A further parameter showing the short-term plasticity memory capacity of the synaptic SBFET is paired-pulse facilitation (PPF) which refers to the increases in the ratio between post-synaptic currents caused by two consecutive stimuli.66Fig. 3c demonstrates that the EPSC after the second SPP spike (A2) is greater than that after the first SPP spike (A1) induced with the same laser power of P = 8 µW and a pulse duration of 8 µs each, at an interval of ΔT = 5 µs. This typical PPF behavior is a consequence of the dynamics of the trap’s occupation by the SPP-induced hot electrons. If the second SPP spike is applied very close to the first one, not all traps will be emptied before the arrival of the second spike. Therefore, the number of filled traps will be larger than at the end of the first SPP spike and thus plasmongating more effective.

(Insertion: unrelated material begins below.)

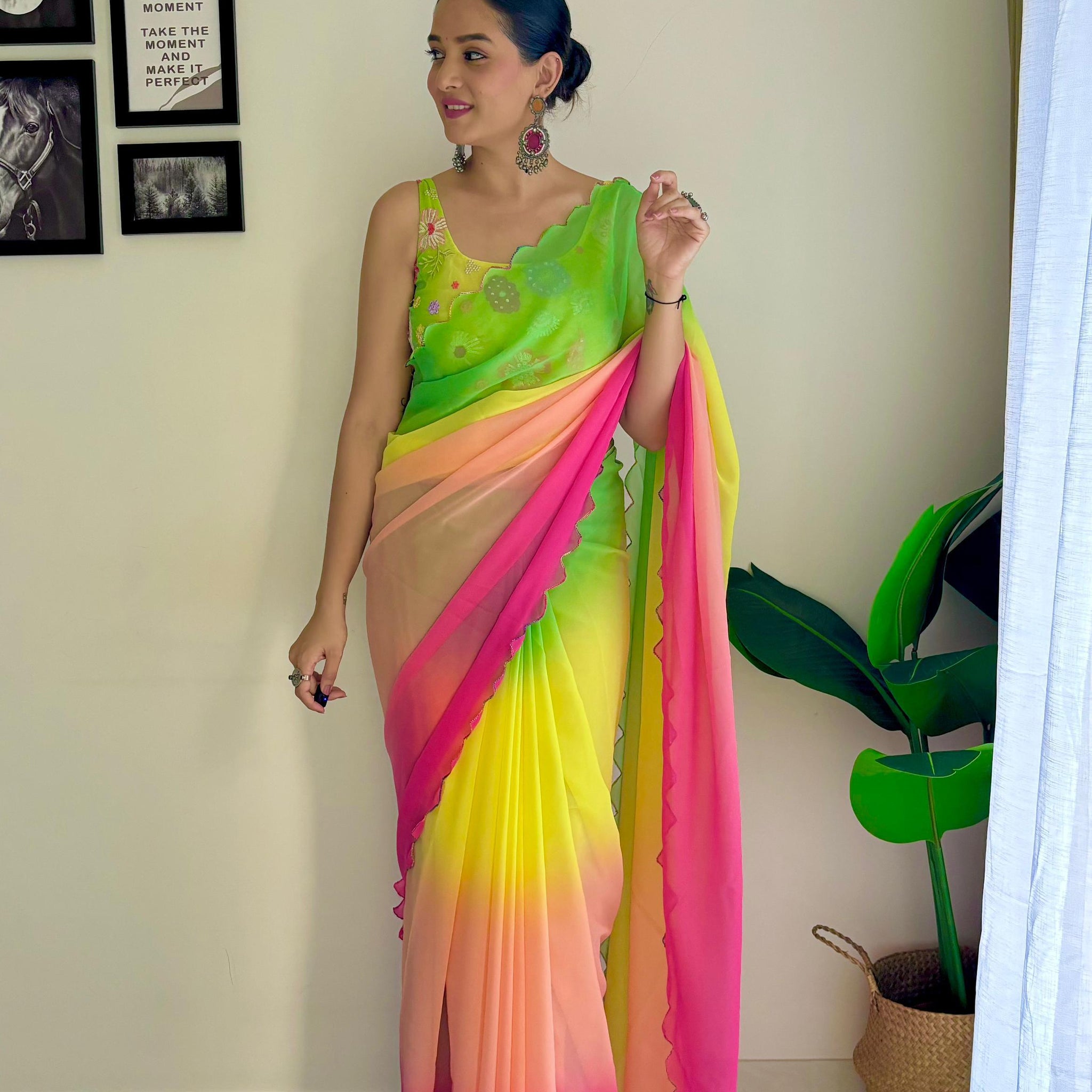 Sequance Saree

Figure 3d shows the quantitative PPF index:
$$PPF=100\%\times \frac{{A}_{2}-{A}_{1}}{{A}_{1}}$$
6
with A1 and A2 the peak values of EPSCs for the first and the second spike as a function of the interval time of the SPP spikes generated by λ = 785 nm laser pulses (P = 8 µW and duration time is 8 µs for each pulse). The PPF index of 19% at an interval time of ΔT = 2 µs decreases rapidly to ~ 7.0%, with the interval time increasing to 35 µs, due to effective detrapping with increasing interval time.